Tomorrow's is A Level results day for students in the UK. The event is causing excitement, not just because it will determine students' university admissions but because the British Labour Party is promising to scrap predicted A-Level grades as the key determinant of university entry if it's elected. 

Irrespective of whether A-Levels will get you into a Russell Group University, will your grades get you a future graduate job in an investment bank?  Most banks don't stipulate minimum A Level grades, but the people they hired ten to have performed extraordinarily well in the exams taken by British 18 year-olds.

Senior bankers don't give their A Level grades on their CVs. Once you're a managing director at J.P. Morgan or a partner at Goldman Sachs, who cares what you achieved at A Level? We know that Michael Sherwood, the former head of Goldman Sachs in Europe, sat his A Levels prematurely at 16, but we don't know what he scored.

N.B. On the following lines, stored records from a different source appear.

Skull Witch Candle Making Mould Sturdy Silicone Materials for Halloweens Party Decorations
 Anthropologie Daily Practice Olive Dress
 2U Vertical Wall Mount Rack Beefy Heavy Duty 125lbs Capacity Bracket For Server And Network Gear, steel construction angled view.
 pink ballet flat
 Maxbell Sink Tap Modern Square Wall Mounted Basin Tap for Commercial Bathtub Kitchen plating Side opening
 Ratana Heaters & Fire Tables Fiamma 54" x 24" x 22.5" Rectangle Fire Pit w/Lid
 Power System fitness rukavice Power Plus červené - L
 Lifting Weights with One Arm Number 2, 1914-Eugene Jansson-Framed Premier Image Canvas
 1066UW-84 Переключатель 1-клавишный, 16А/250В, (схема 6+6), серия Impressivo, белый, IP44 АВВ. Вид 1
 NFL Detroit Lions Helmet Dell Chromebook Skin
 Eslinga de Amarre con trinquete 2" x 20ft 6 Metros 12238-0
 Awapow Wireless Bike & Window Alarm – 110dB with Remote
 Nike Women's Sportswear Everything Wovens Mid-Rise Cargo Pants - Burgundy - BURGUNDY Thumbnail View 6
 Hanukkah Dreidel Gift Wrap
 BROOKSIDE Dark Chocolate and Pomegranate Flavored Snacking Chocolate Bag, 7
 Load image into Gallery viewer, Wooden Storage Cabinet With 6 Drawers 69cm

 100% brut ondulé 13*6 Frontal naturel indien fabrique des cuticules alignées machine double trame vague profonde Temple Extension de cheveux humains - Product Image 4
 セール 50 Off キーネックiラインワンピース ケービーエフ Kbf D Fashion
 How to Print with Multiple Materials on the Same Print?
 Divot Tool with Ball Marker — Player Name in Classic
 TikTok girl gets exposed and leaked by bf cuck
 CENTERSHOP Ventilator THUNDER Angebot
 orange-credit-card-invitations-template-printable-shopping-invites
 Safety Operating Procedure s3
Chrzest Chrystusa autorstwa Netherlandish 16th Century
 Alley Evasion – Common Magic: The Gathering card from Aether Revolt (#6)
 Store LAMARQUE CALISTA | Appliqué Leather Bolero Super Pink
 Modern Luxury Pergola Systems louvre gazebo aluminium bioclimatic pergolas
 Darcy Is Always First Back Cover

Students joining banks in London do specify their A level results, however.  Wajih Ahmed, the associate-level inflation trader at Goldman Sachs with a reputation for completing his internship project in two hours, scored 99% in his maths A level aged 10 before scoring 97% in further maths A level aged 11. Aged 13, he got an A in his chemistry A level. Aged 14, he got an A* at physics A level. He began studying economics at Southampton University aged 14, and aged only 17 was the university's youngest ever graduate, with a first class degree and an 86% overall pass rate. 

Ahmed is some sort of exception, but most juniors in banks have impressive A level results. The average number of UCAS points for summer interns? Around 530. For anyone not immediately familiar with the UK points system, that's about 3 A*s and an A as you leave high school (top grades, in other words). 

Nor can you get away with bad A levels if you want to work in an operations or accounting job in an investment bank. In operations, UCAS points are lower, but not low. For example, interns working in Goldman Sachs' control division have 320 UCAS points. Operations and collateral management interns at J.P. Morgan have 360 and 480 UCAS points respectively.

There are occasional exceptions to the A Level rule in banking. For example, Joanne Hannaford, the EMEA head of technology at Goldman Sachs, didn't do A levels at all, but studied a more vocational BTEC and HND before going on to do a PhD in computer science at University College London.